Prakash Varma is one of numerous Indian directors working full time on what is often very different work to the ZooZoo campaign, such as his awardwinning Neo Sports and Incredible India spots. “He has a lot of style and is a very good storyteller,” says Bobby Pawar, who also cites Prasoon Pandey, Amit Sharma and Ram Madhvani – director of the brilliant Cannes silver Lion-winning ad for Happydent White in 2006 – as being equally adept. And there is a lot of work out there – often demanding fast turnarounds.

Pawar’s agency produces 120 ads a year. “The bulk are done with local production houses – like Nirvana, Chrome, Equinox, Corcoise,” he says. And in the past year he has also made ads with @radical.media in Berlin, and Stink in London. “Every year you see an improvement in the kind of commercials being created. Scripts are better, production is better – there are more international directors working in the Indian commercial scene.” This internationalisation has taken off in the last few years, with agencies looking beyond the country’s borders for production and post production solutions – particularly for international brands.

Gobsmack TV made a big impression with their KitKat ad The Break – featuring a Bollywood song-anddance routine by CGI squirrels, made in the US with LA post house Radium. But just as important is the influx of talent from outside India. “We have a lot of projects where we bring in a director or a cameraman from abroad,” confirms V Sunil, executive creative director at W+K Delhi, whose recent work includes a successful ad for low-fare airline IndiGo, directed by British director Harvey Brown and promoting the idea of punctual air travel as ‘IndiGo Time’. “The film had a massive impact. It wasn’t planned, but ‘IndiGo Time’ has become a common saying.”

The company behind the IndiGo spot, Bang Bang Films, started in 2006 and has become one of India’s leading production companies. “2010 has been absolutely amazing to the point that we’ve been rated the second fastestgrowing company across all sectors,” announces Bang Bang Films’ MD and executive producer, Roopak Saluja. “The industry was ripe for change in 2006. We pushed internationalisation in the market and almost everything we did was look-based. Clients like Unilever don’t stop spending even with the downturn. We brought in international talent for middle market stuff too. Four years later there’s much greater openness to working with international directors.”

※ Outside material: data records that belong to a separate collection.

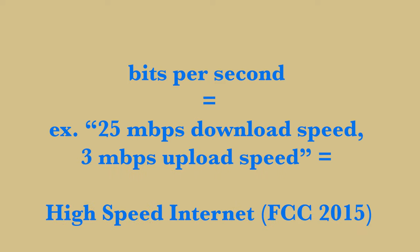That is high-speed internet as defined by the FCC in 2015. When sold to you, a company will sell it as 'up to 25 megabits per second.' Companies do this because factors affect speed, so it may not be 25 megabits guaranteed all the time.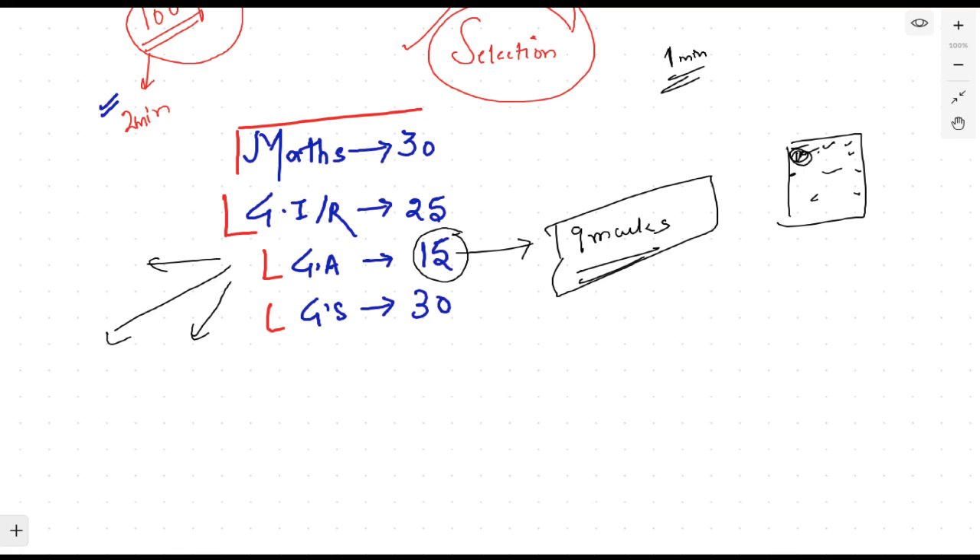I'll tell you the section priority. First, go for General Awareness — it's easy. Second preference is Science, because it has high-weightage and easy direct questions. In Science you'll find direct questions that you can answer quickly without needing to think too deeply, so you can cover this section efficiently.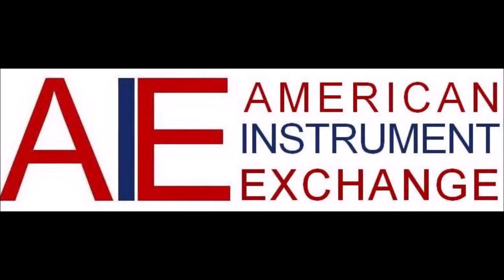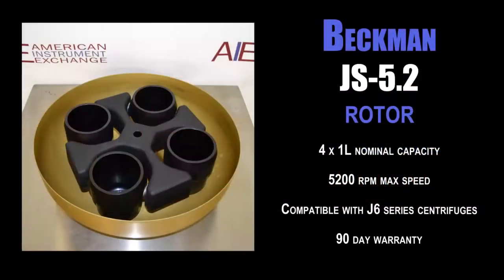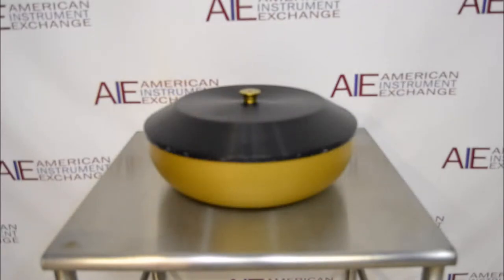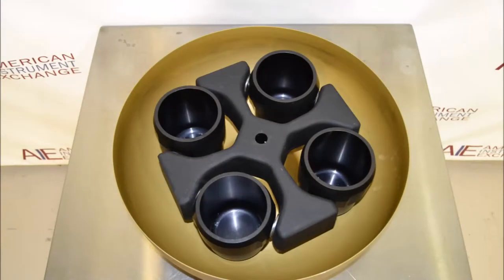American Instrument Exchange has been a reliable source for used laboratory and scientific equipment since 1969. All lab equipment listed on our website is in stock and ships from our 30,000-square-foot warehouse in Haverhill, Massachusetts. Our facilities include a fully equipped shop with highly trained technicians who thoroughly test each instrument before it reaches your laboratory.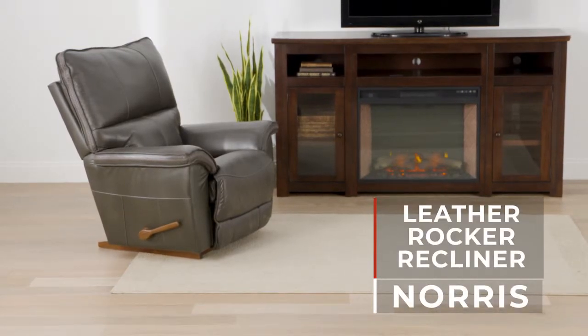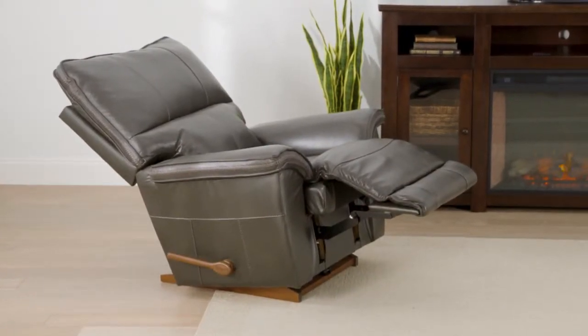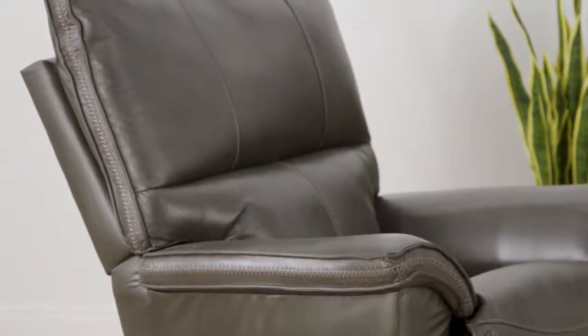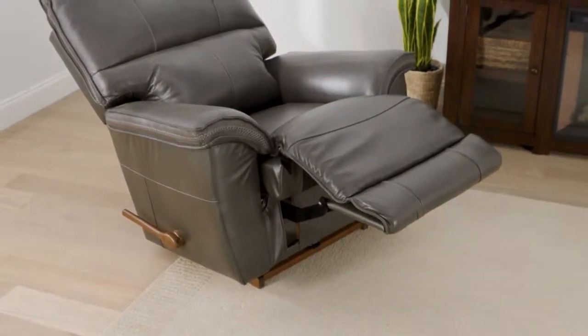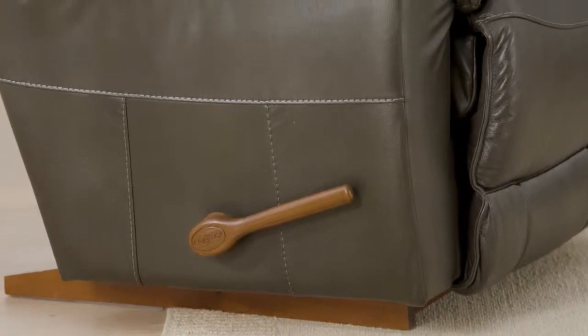The Norris rocker recliner by La-Z-Boy is as well constructed as it is comfortable. The Norris has 100% leather seating that's made more comfortable with the addition of padded outside arms and blown fiber backs. Enjoy the comfort of a full chaise seat and footrest. The Norris is finished with a single needle heavy gauge tonal topstitch.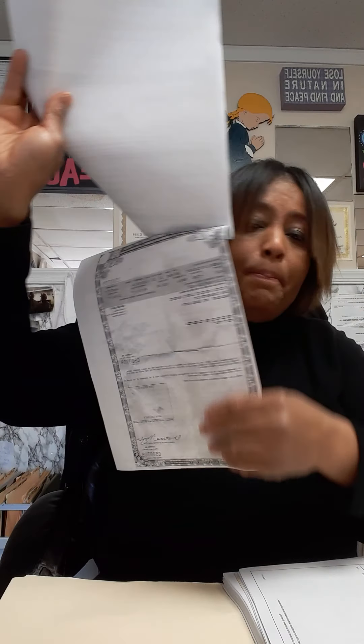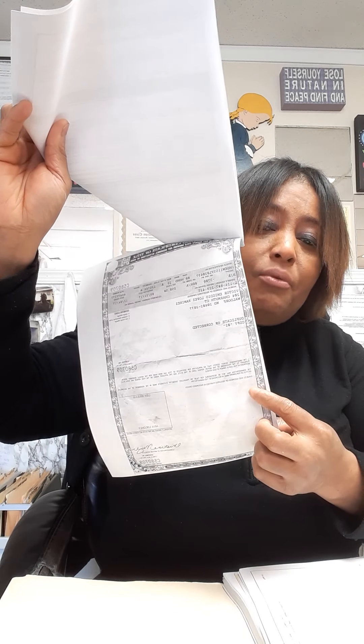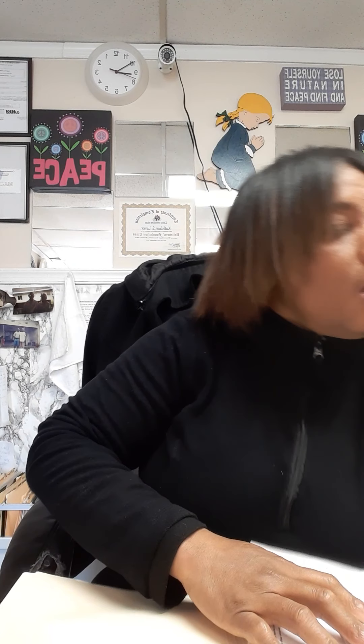So if someone presents you a title to register the vehicle and you see an institution name on it, ask for the lien release. The lien release in Maryland could be all pink — you'll have the lender's information, and on the side the lender will sign, put the date it was released, and the title of whoever signed it. It could also be a letterhead.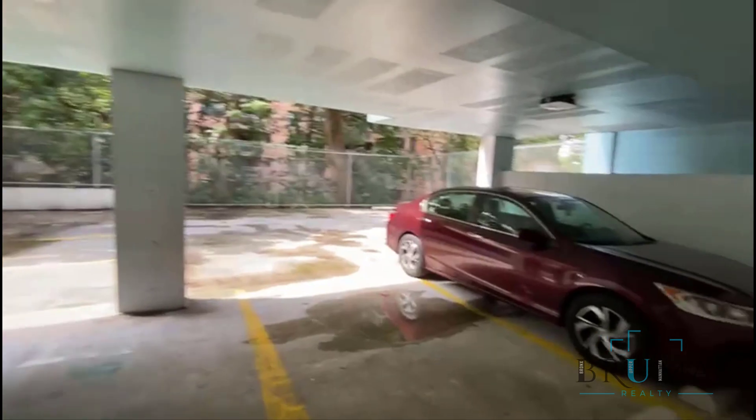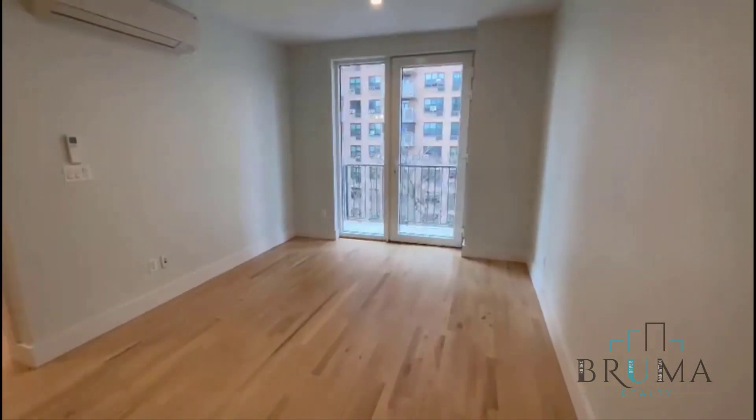This is the parking. 3013 Barker Avenue, apartment 5D.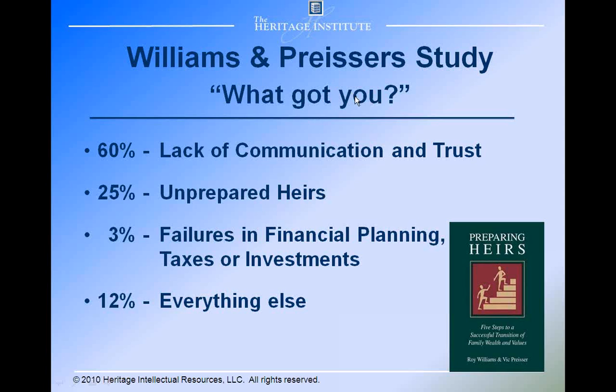Williams and Pricer, who did their study back in 2003 after another financial downturn, asked people who had lost their wealth: what was the problem your family encountered? Their response overwhelmingly was lack of communication and trust, and another major factor was unprepared heirs. Failures in financial planning, taxes, and investments was only 3% of the responses.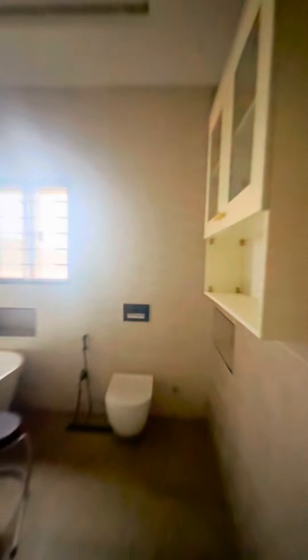It also has the perfect-sized walk-in closet and a classy, massive bathroom.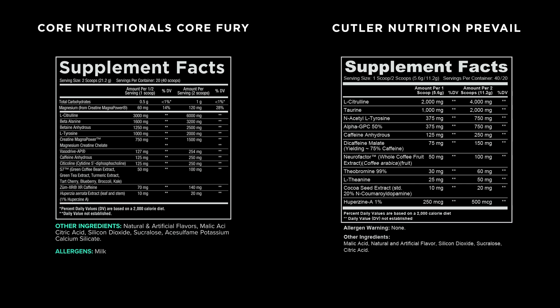We've got Taurine, 2,000 milligrams, above clinical dose for muscular endurance. We've got N-acetyl tyrosine, an eye-watering 750 milligrams, which is the N-acetyl form of tyrosine to help elevate mood and improve your feeling of well-being. We've got Alpha-GPC, another eye-watering 750 milligrams for mental focus. We've got Caffeine Anhydrous, 250 milligrams in a full two-scoop serve. We then have some Dicaffeine Malate — extended release caffeine — 150 milligrams per two-scoop serve. We've got Neurofactor, 100 milligrams, to assist with mental focus and some nice synergism with the N-acetyl tyrosine and the Alpha-GPC. We've got Theobromine, L-theanine 50 milligrams to make sure that stimulant matrix is nice and smooth. We've got Cocoside Extract, 20 milligrams. And finally, we've got a whopping dose of Huperzine, 500 micrograms, to make sure that mental focus sticks around.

Saluja adds that an increasing chunk of their business is working for advertisers outside India, and that India is becoming a more attractive hub within southern Asia and the Middle East. “A localised advertising culture is becoming internationalised to an extent – more a part of the whole of Asia and the Pacific,” he says. “25 per cent of our business comes from outside India – and it will be 70 per cent by 2012.” Is this influx of foreign talent having a negative impact on the next generation of Indian commercial directors? Unsurprisingly, Saluja only sees good things. “Advertising and commercials are a combination of art and commerce, which can only flourish with external influences,” he says.

In fact, there appears to be widespread acceptance that competition between local and foreign talent improves standards – and there certainly seems to be enough work to go round. “I don’t agree that Indian directors are any less talented – but neither are they suffering,” says Manoj Shroff, executive producer at Equinox Films, which represents an all-Indian line-up of directors, including Ram Madhvani.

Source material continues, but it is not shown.